• _SUPPLIED DATA_
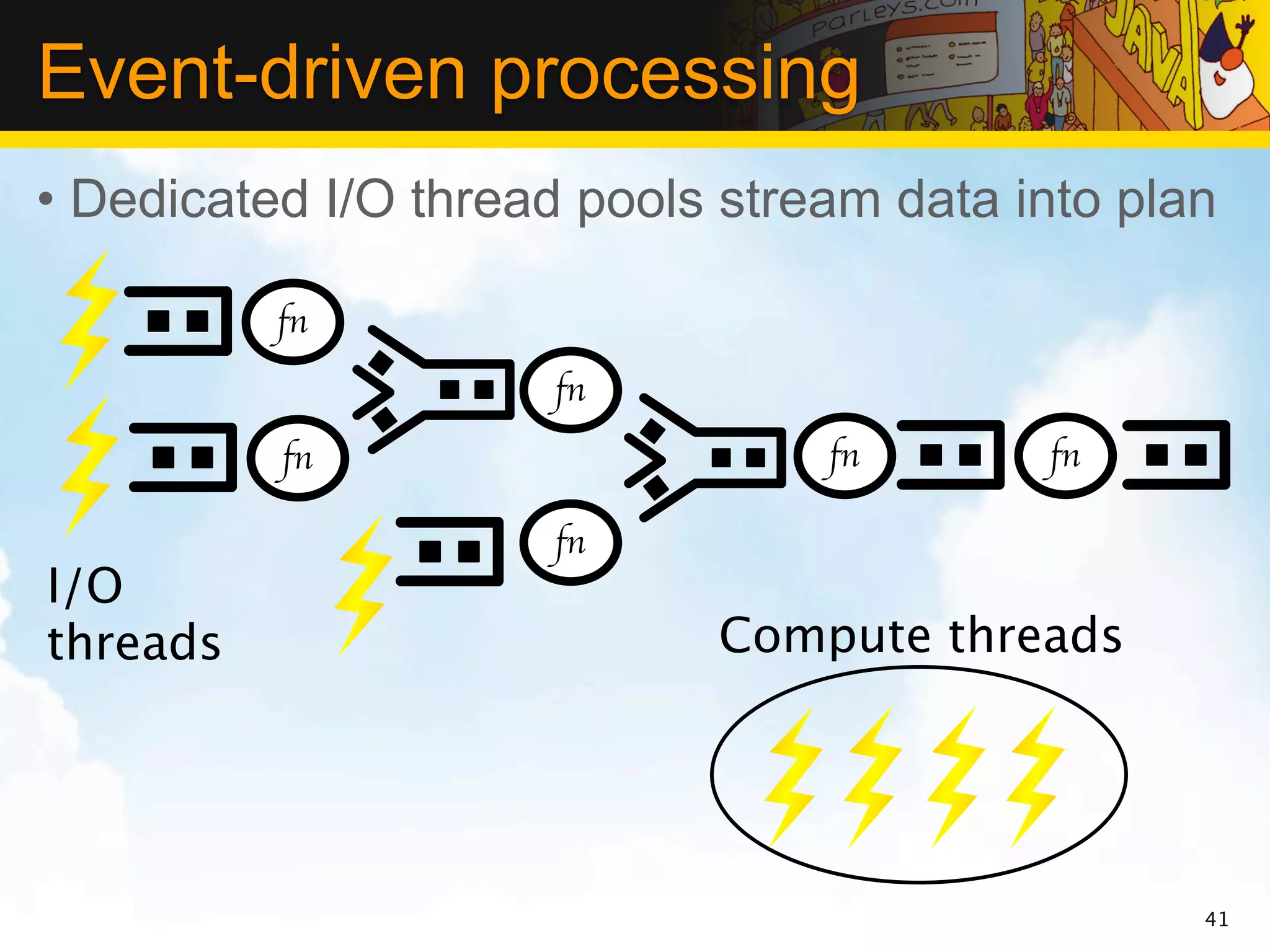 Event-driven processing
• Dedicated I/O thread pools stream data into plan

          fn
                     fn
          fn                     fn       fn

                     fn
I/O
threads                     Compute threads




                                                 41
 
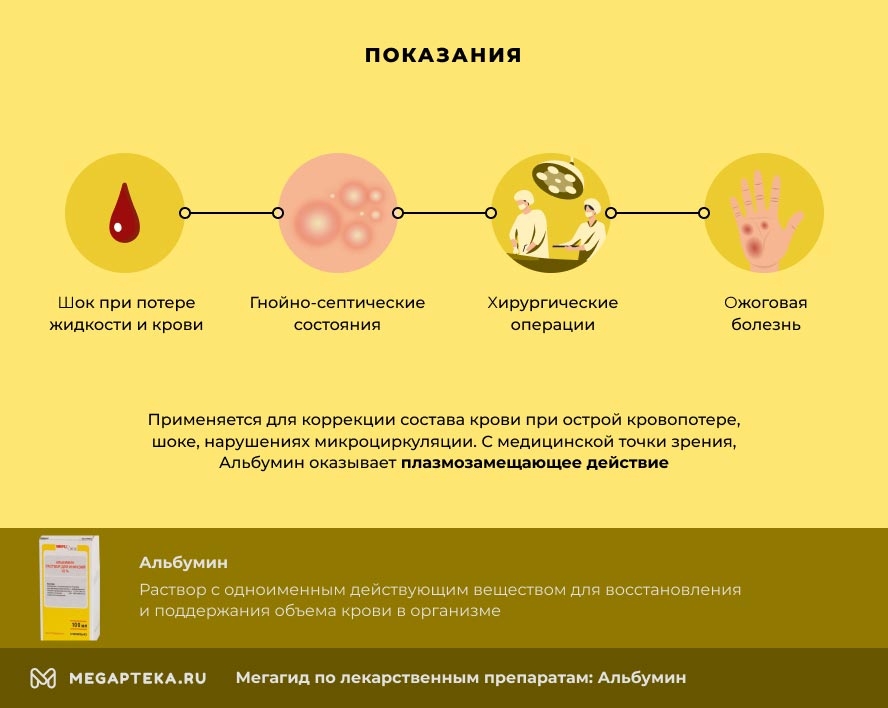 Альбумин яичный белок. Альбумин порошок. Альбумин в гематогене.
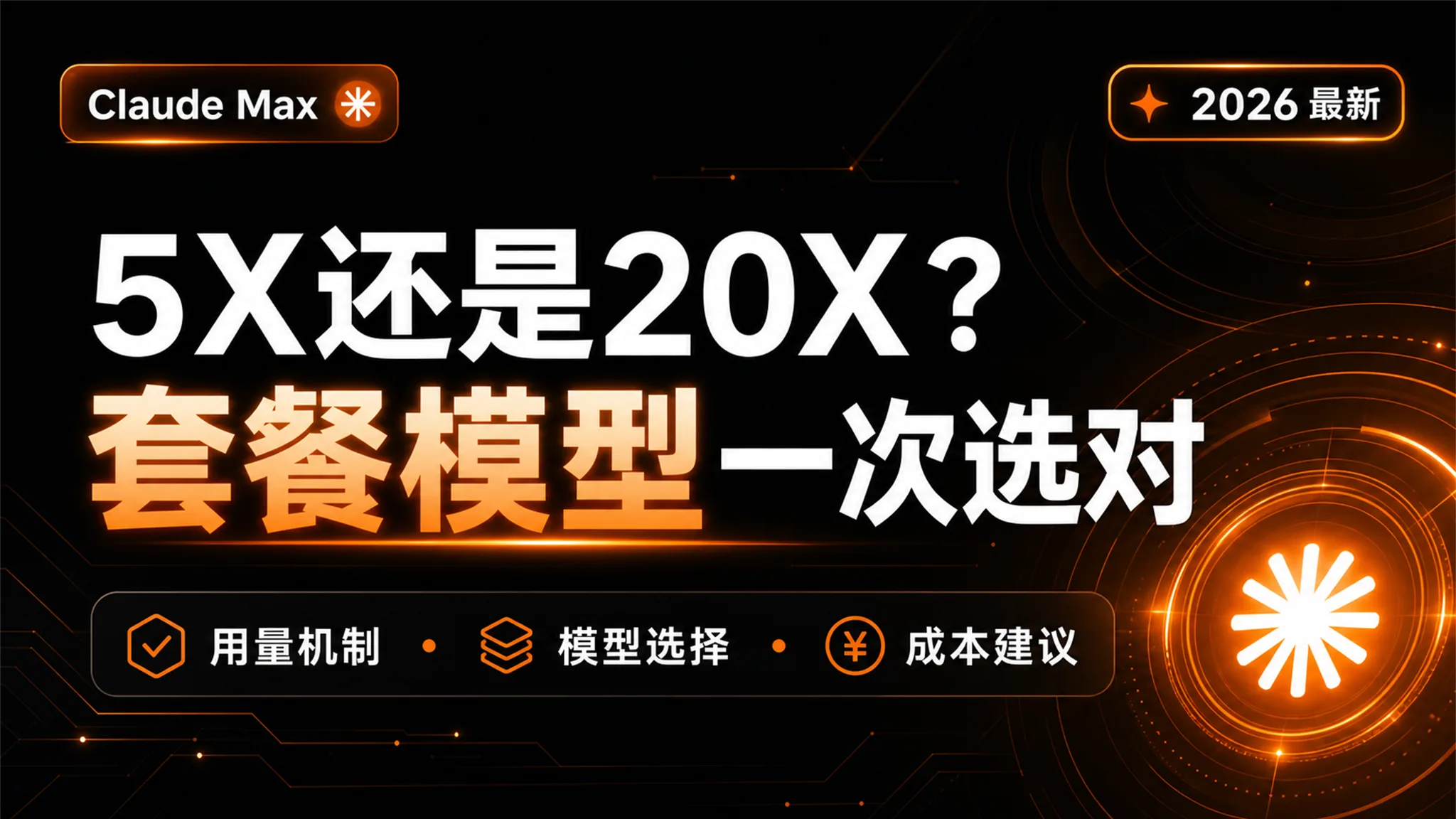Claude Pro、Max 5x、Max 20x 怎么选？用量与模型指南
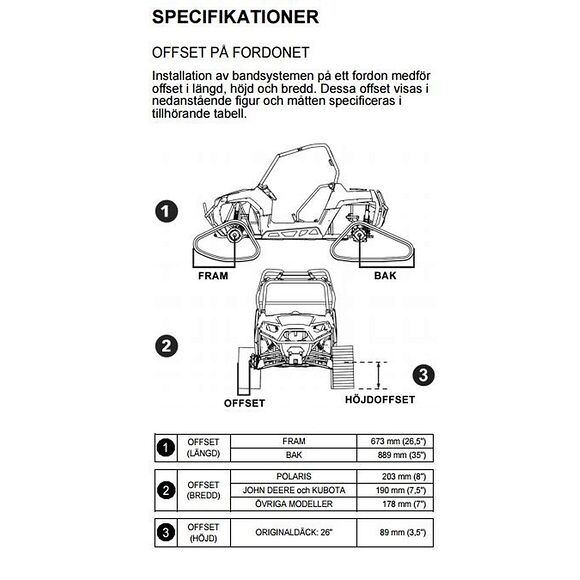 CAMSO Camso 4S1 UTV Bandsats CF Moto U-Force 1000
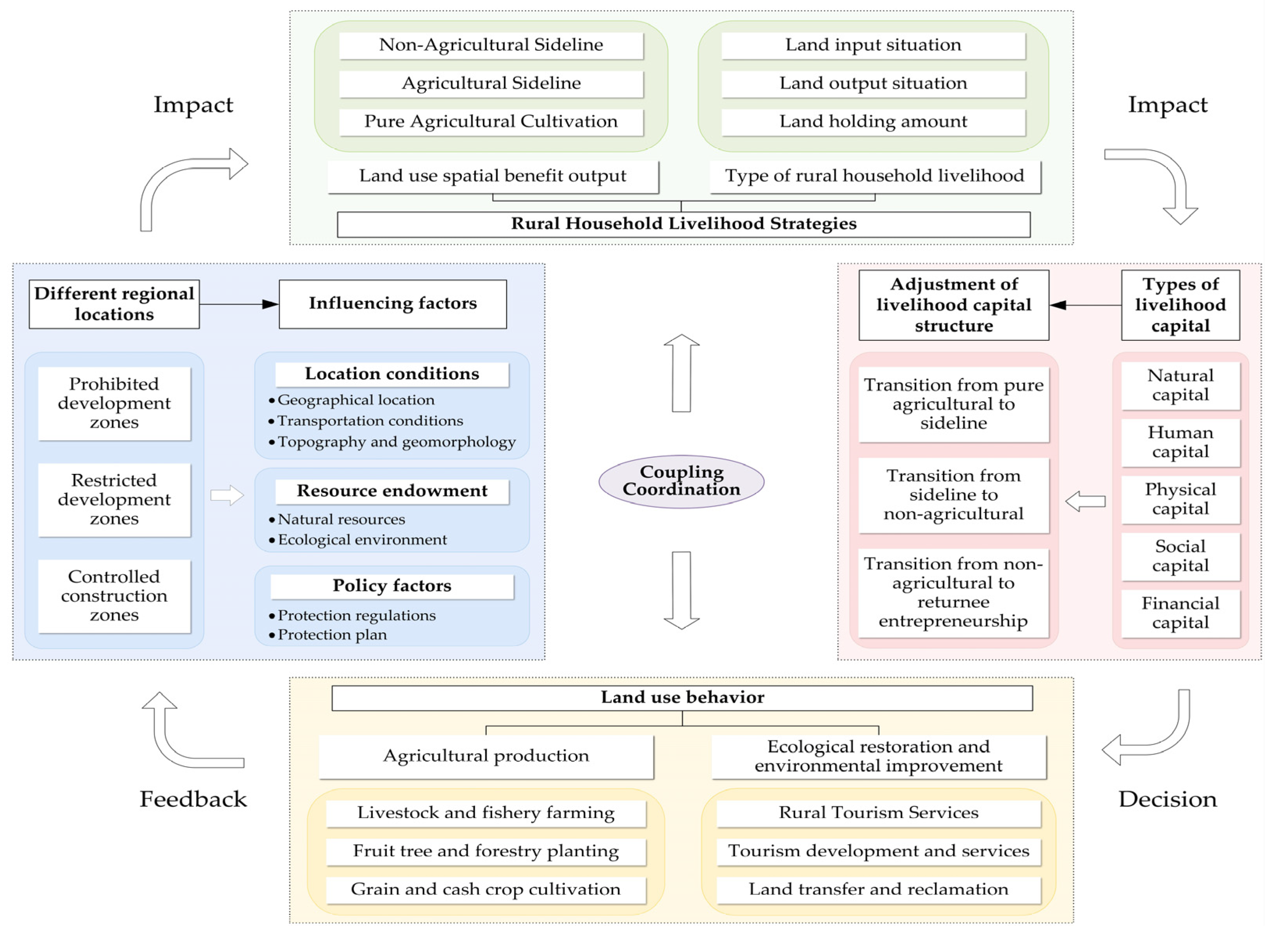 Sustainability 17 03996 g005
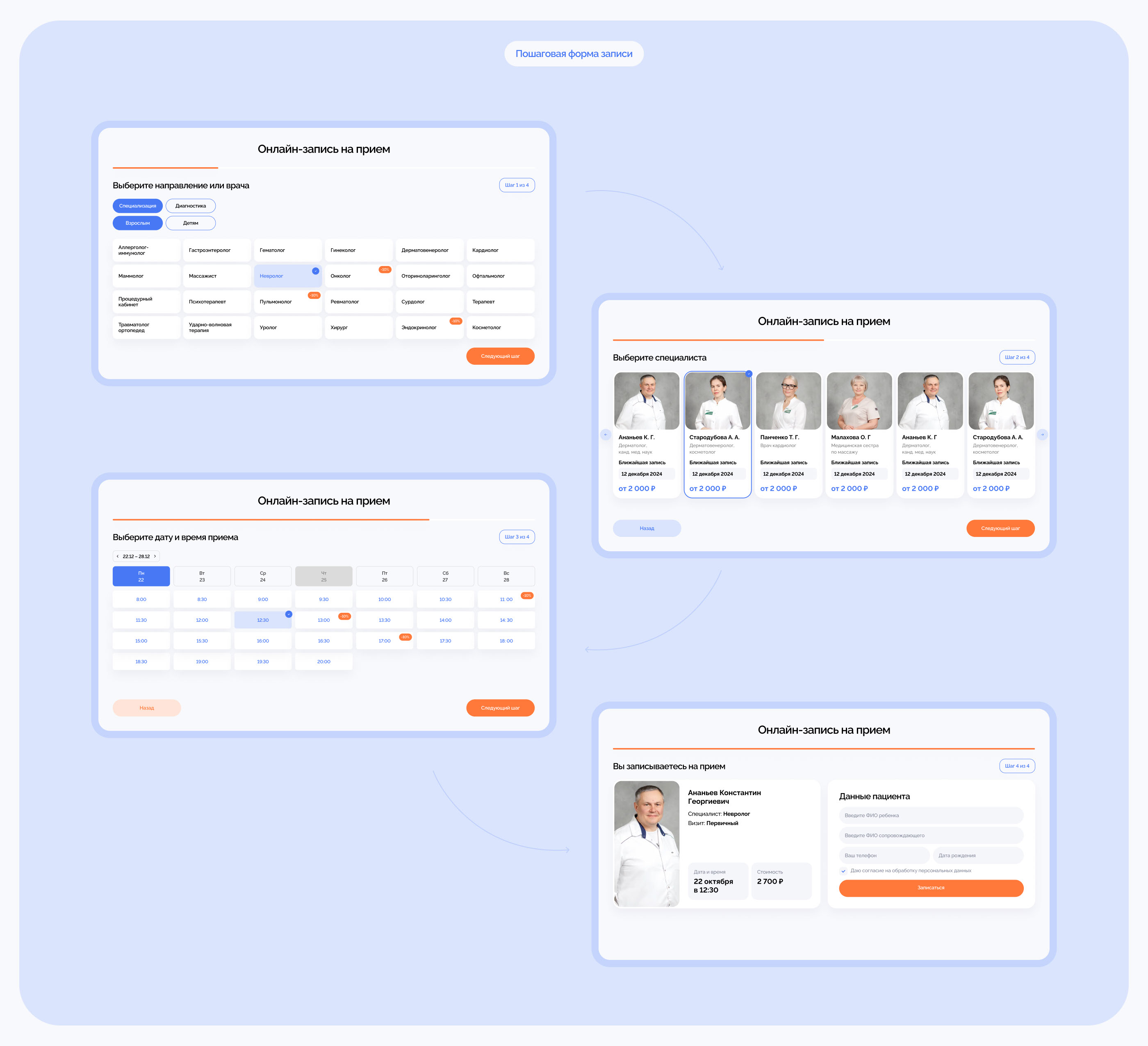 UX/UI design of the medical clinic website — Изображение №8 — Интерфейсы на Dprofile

• _WORK REQUEST_
Starting at the line above that has "data into plan" and ending at the line that has "Альбумин яичный белок.", copy each line exactly, leaving the pictures out and adding nothing.

• _SOLUTION TO THIS PROBLEM_
• Dedicated I/O thread pools stream data into plan

          fn
                     fn
          fn                     fn       fn

                     fn
I/O
threads                     Compute threads




                                                 41
 
 Альбумин яичный белок. Альбумин порошок. Альбумин в гематогене.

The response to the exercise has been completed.